Beneath this line sits some data. Return only its lines from the one holding "para el 'Comandante'" through the one holding "ZARA ДЖИНСЫ-БАНАНЫ TRF", inclusive, exactly, with the images removed.
━━━ Excerpted data
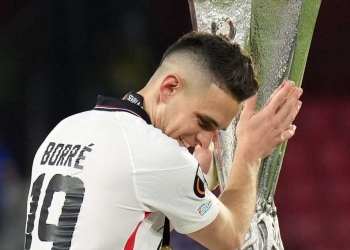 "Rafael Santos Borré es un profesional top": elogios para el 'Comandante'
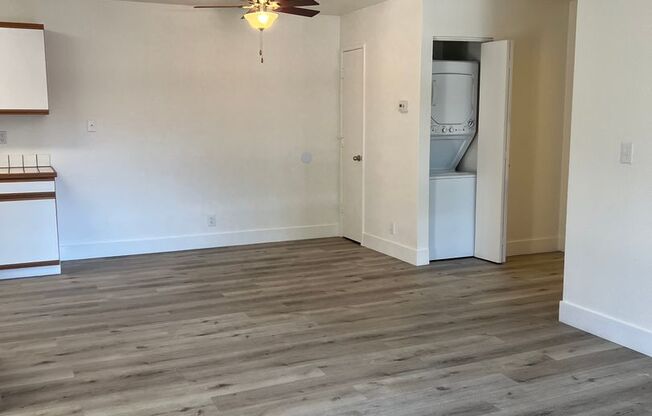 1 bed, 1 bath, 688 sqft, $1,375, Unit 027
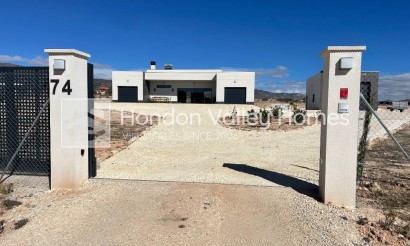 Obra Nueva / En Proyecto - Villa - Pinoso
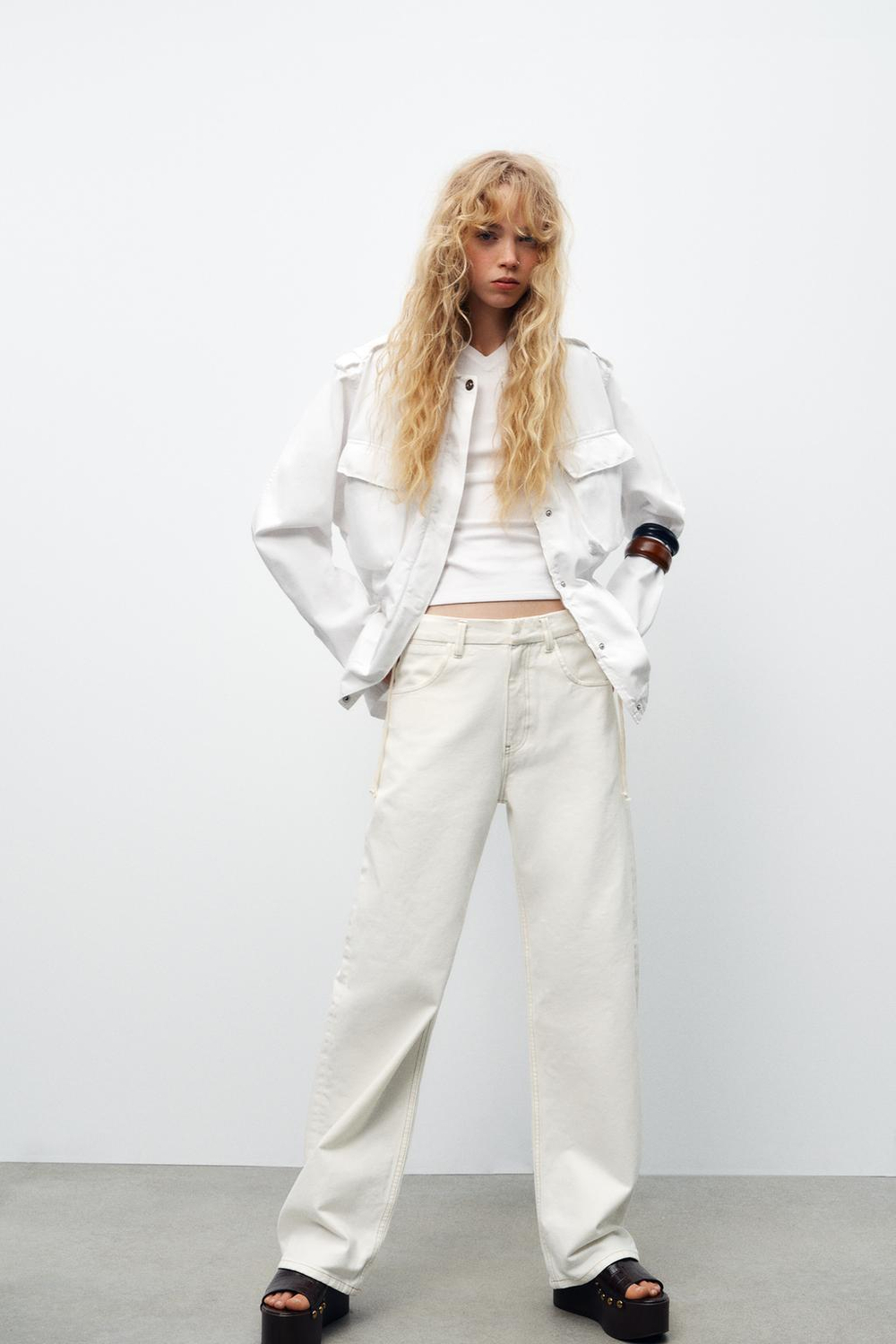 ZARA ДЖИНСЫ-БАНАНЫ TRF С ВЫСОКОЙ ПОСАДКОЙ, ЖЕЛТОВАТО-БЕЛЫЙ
━━━━━━
━━━ Excerpted data
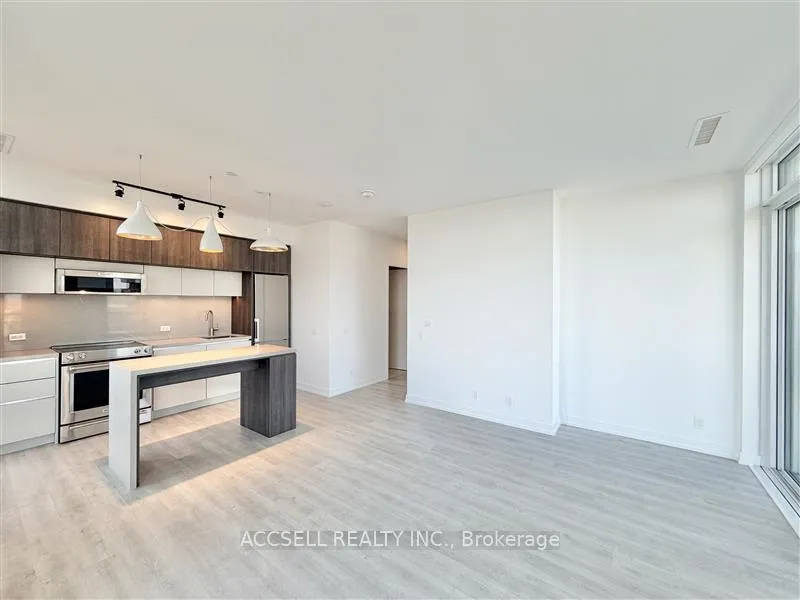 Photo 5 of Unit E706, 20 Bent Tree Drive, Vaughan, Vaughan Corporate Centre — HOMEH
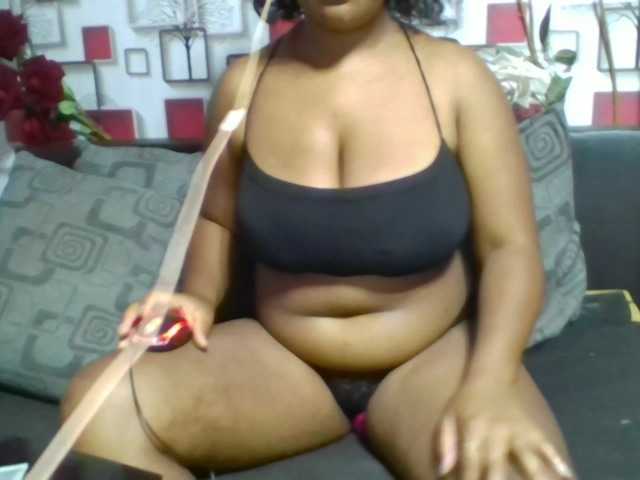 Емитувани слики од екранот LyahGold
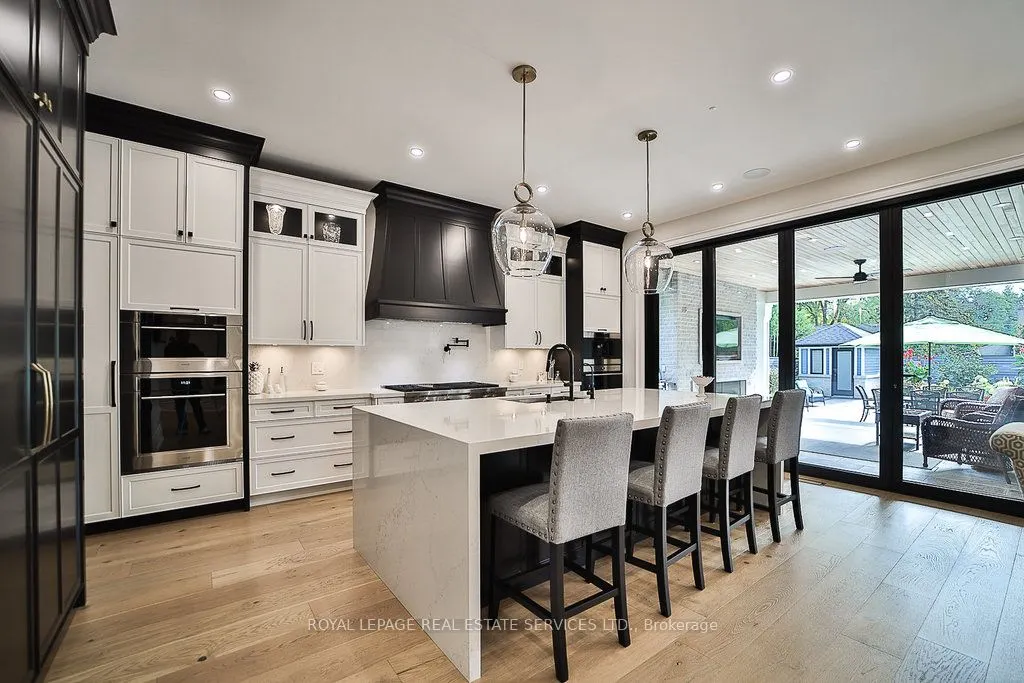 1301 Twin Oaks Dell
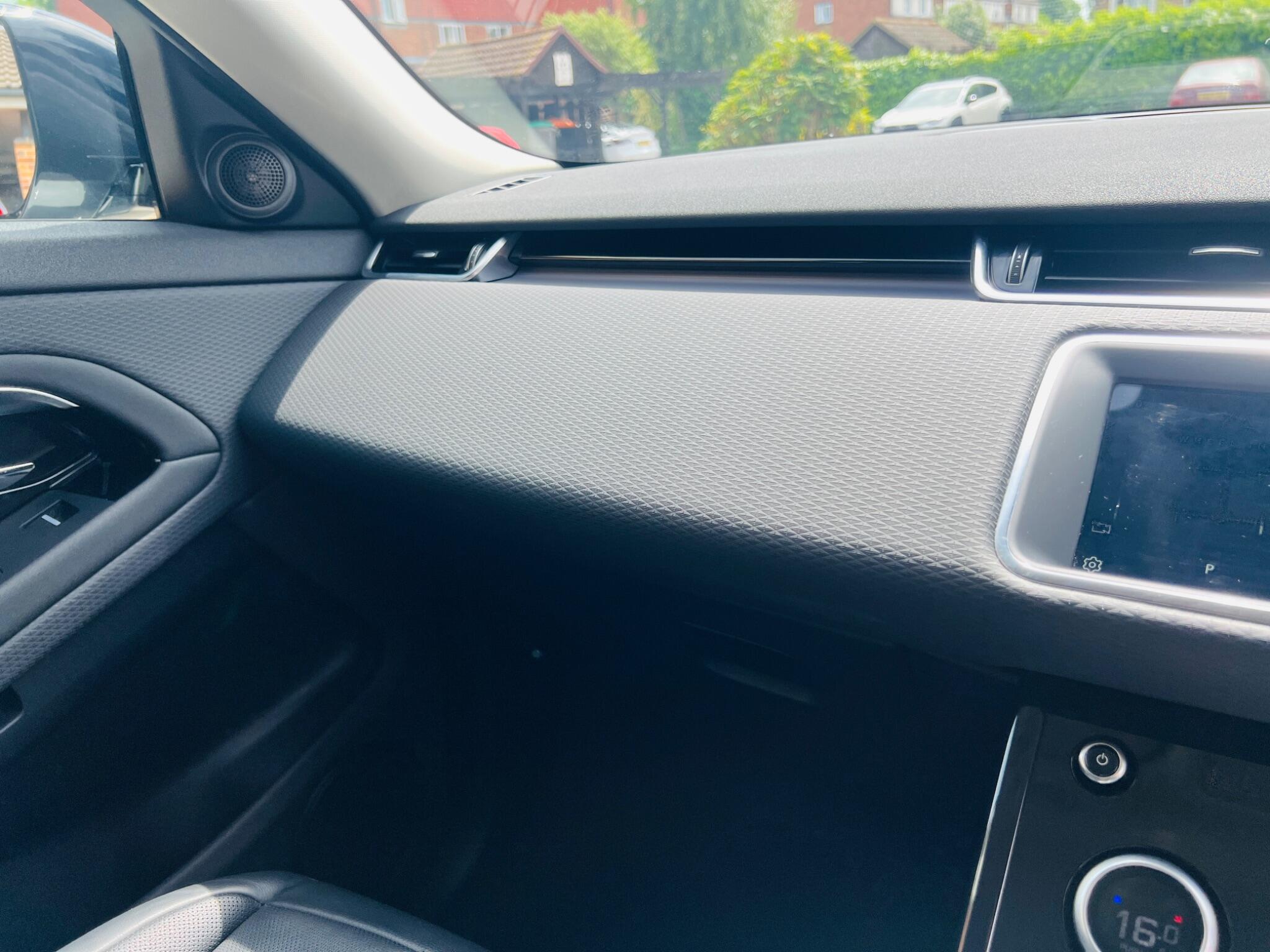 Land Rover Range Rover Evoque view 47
━━━━━━
--- Result below ---
 "Rafael Santos Borré es un profesional top": elogios para el 'Comandante'
 1 bed, 1 bath, 688 sqft, $1,375, Unit 027
 Obra Nueva / En Proyecto - Villa - Pinoso
 ZARA ДЖИНСЫ-БАНАНЫ TRF С ВЫСОКОЙ ПОСАДКОЙ, ЖЕЛТОВАТО-БЕЛЫЙ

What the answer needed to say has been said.